Oregon Locum Pay Guide 2026: Rates, Licensing, and What to Negotiate
Oregon is a high-demand locum market with a regulatory profile that has shifted significantly in the past year. Active IMLC membership, a sweeping non-compete ban for medical licensees effective June 2025, full NP and CRNA practice autonomy, and persistent rural shortages across a large and geographically diverse state create real locum opportunity — particularly outside the Portland metro. The tradeoff is Oregon’s income tax: a top marginal rate of 9.9% that kicks in at $125,000 for single filers and is the highest in our state guide series. For high-earning locum physicians, the net compensation math on Oregon assignments requires careful attention.
1. Oregon Market Snapshot
Oregon’s healthcare market splits along familiar urban-rural lines, with the Portland metro anchoring a competitive western market and a large rural and frontier geography to the east and south carrying persistent physician shortages. The Portland-Salem-Eugene corridor on the western side of the Cascades is home to major health systems, academic medical centers, and a well-supplied permanent physician market. Locum demand here is episodic — subspecialty coverage, inpatient call gaps, and short-term vacancy fill.

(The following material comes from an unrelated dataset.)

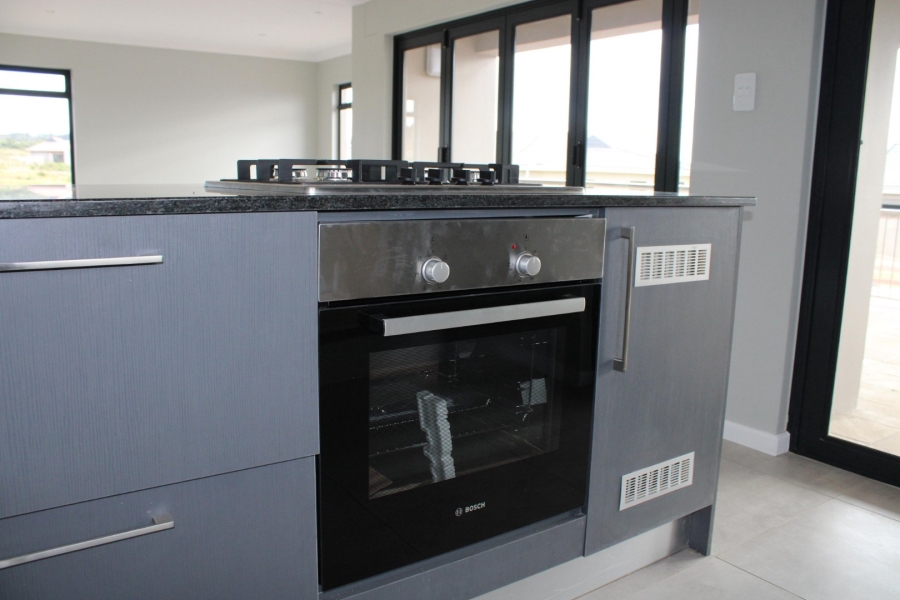 4 Bedroom Property for Sale in Kidds Beach Eastern Cape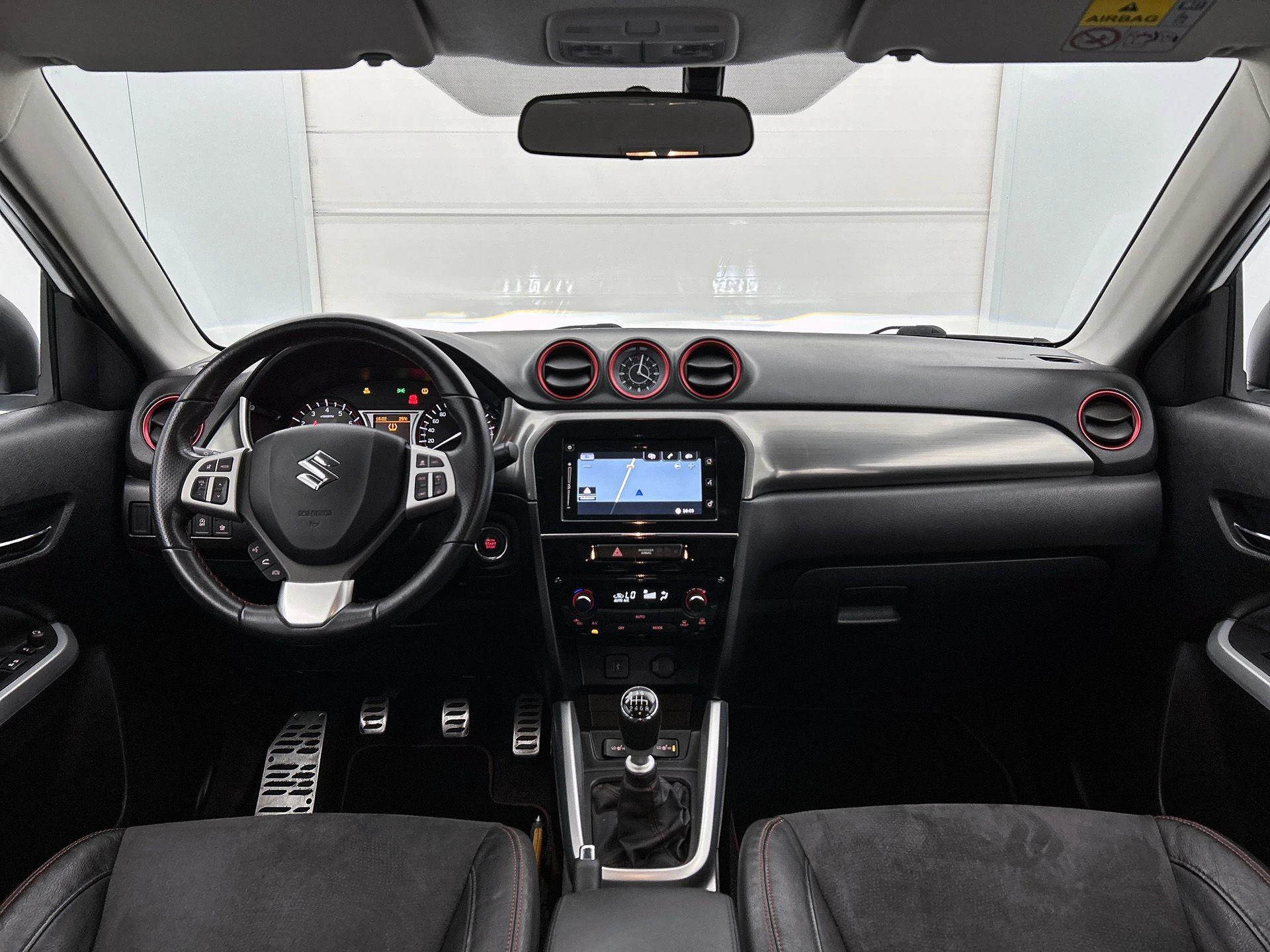Suzuki-Vitara-image-21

East of the Cascades, Oregon’s healthcare landscape changes dramatically. Rural and frontier counties across eastern Oregon, the Oregon Coast, and southern Oregon carry some of the most persistent physician shortages in the Pacific Northwest. Oregon has 25 critical access hospitals and 37 rural hospitals total, supported by 100 certified rural health clinics. Oregon is receiving $197.3 million in federal funding in 2026 specifically targeted at growing and sustaining the healthcare workforce in rural areas — a structural signal that rural facilities have dedicated budgets for staffing solutions right now.
The strongest locum demand in Oregon as of 2026 concentrates in anesthesiology, emergency medicine, family medicine, psychiatry, and neurology. Rural and frontier assignments represent the highest-demand and highest-premium segment of the market. Portland-area assignments exist primarily through established agency channels with large health system VMS structures.
2. Licensing and Speed to Start
Oregon joined the Interstate Medical Licensure Compact as an active member in 2026, finalizing the funding and data-sharing requirements that had delayed participation for years. The IMLC expedited pathway is now open for eligible Oregon physicians and for physicians seeking Oregon licenses through the compact.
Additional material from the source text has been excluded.